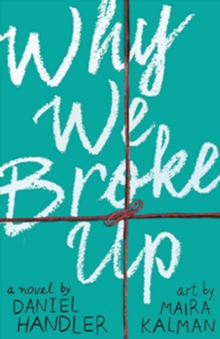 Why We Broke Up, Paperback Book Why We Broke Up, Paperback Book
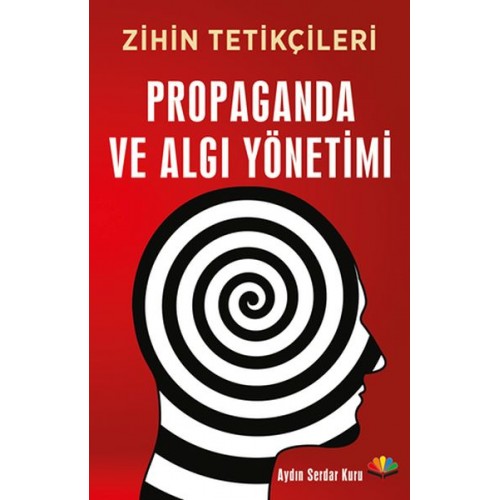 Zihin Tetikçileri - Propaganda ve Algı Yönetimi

* * *

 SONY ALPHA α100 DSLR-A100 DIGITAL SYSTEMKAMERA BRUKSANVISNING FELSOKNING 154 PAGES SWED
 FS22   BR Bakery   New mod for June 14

## [How to complete this task]
Return the stretch of data that begins with the line showing "Why We Broke Up, Paperback Book Why" and goes on through the line showing "Zihin Tetikçileri - Propaganda", exactly, with pictures removed.

## [Exercise output]
 Why We Broke Up, Paperback Book Why We Broke Up, Paperback Book
 Zihin Tetikçileri - Propaganda ve Algı Yönetimi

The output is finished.